→ **GOAL OF THE EXERCISE**
Please give back the listing below word for word and drop any images.

Segment Start: DATA

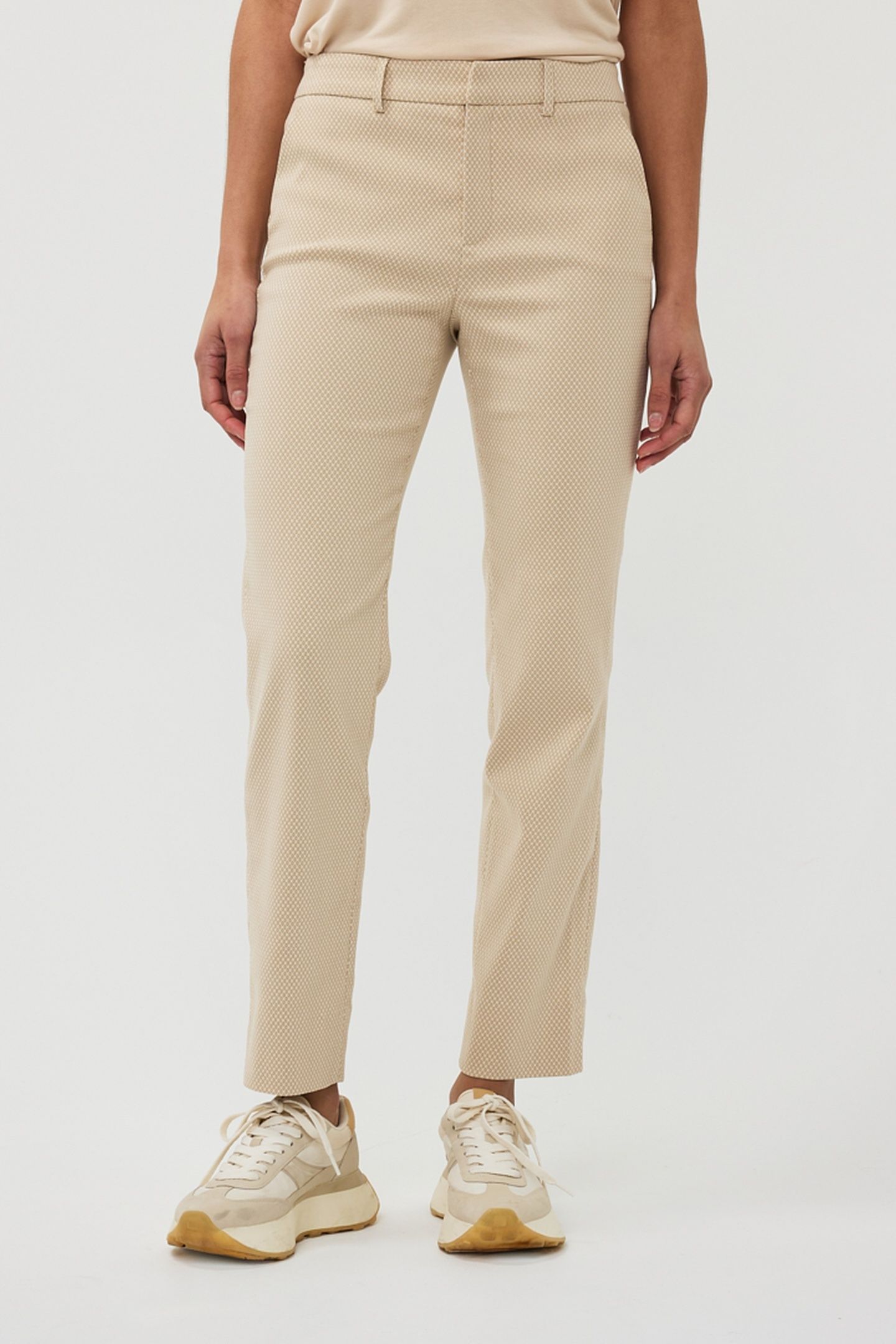 TROUSERS JACQUARD SQUARE SAND 1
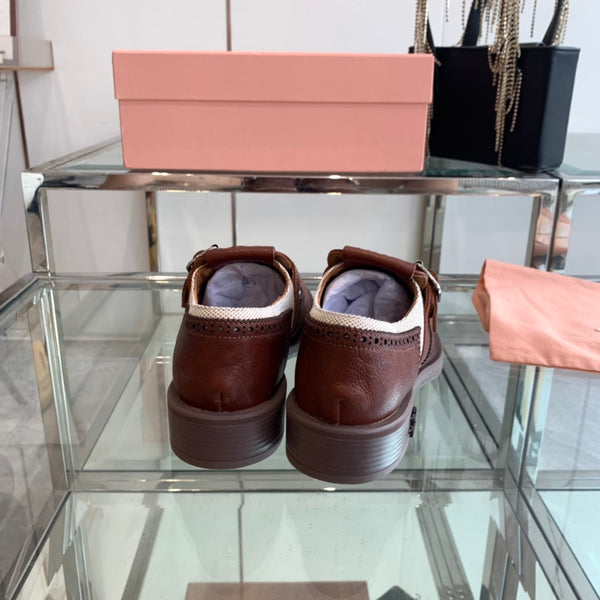 miu monk strap dark brown fabric calfskin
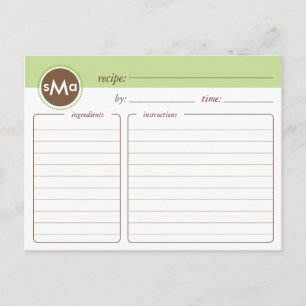Carte de recette de Fête des mariées de monogramme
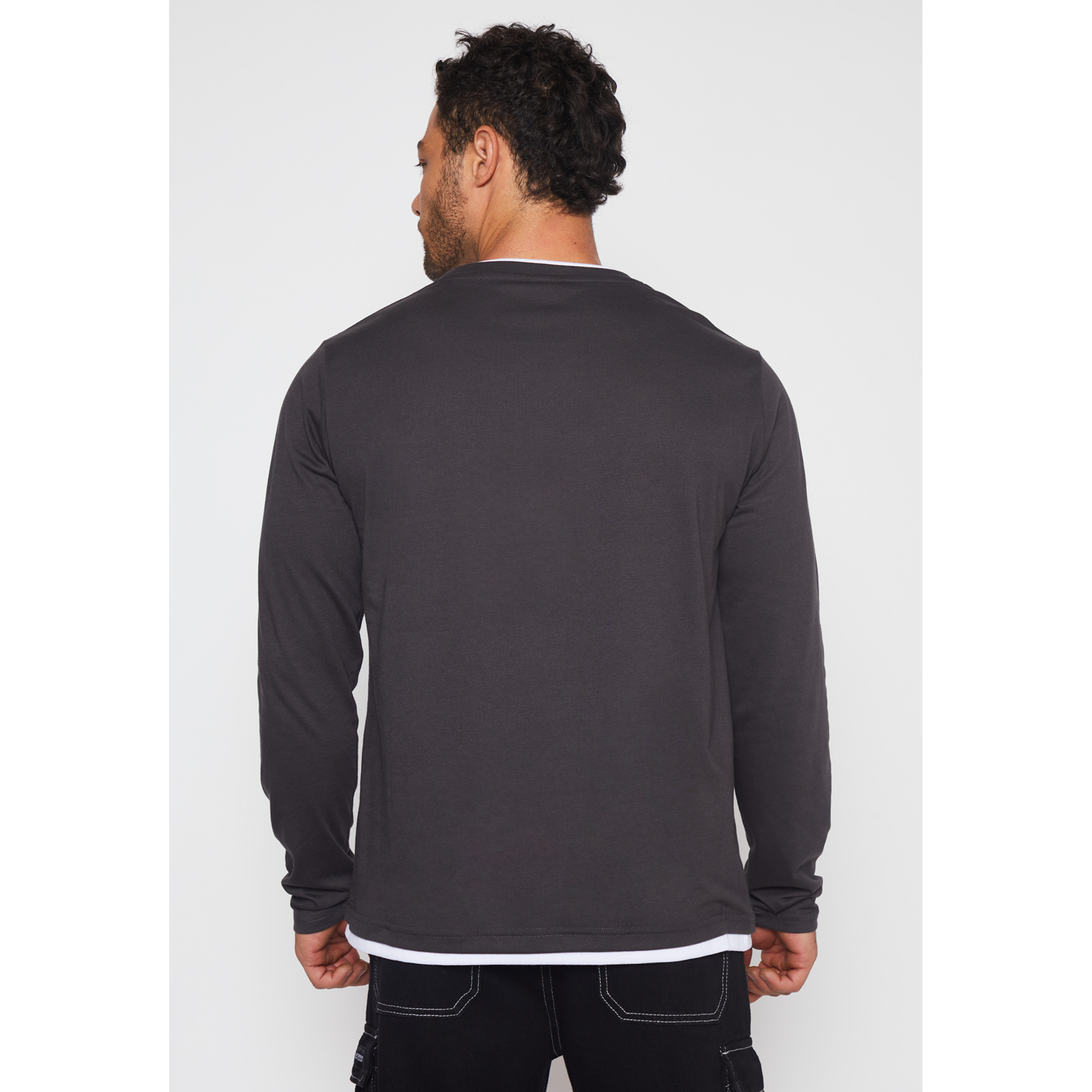 Polera Falso Manga Larga Hombre Gris Familyshop 3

Segment End: DATA

→ **WRITTEN SOLUTION**
 TROUSERS JACQUARD SQUARE SAND 1
 miu monk strap dark brown fabric calfskin
Carte de recette de Fête des mariées de monogramme
 Polera Falso Manga Larga Hombre Gris Familyshop 3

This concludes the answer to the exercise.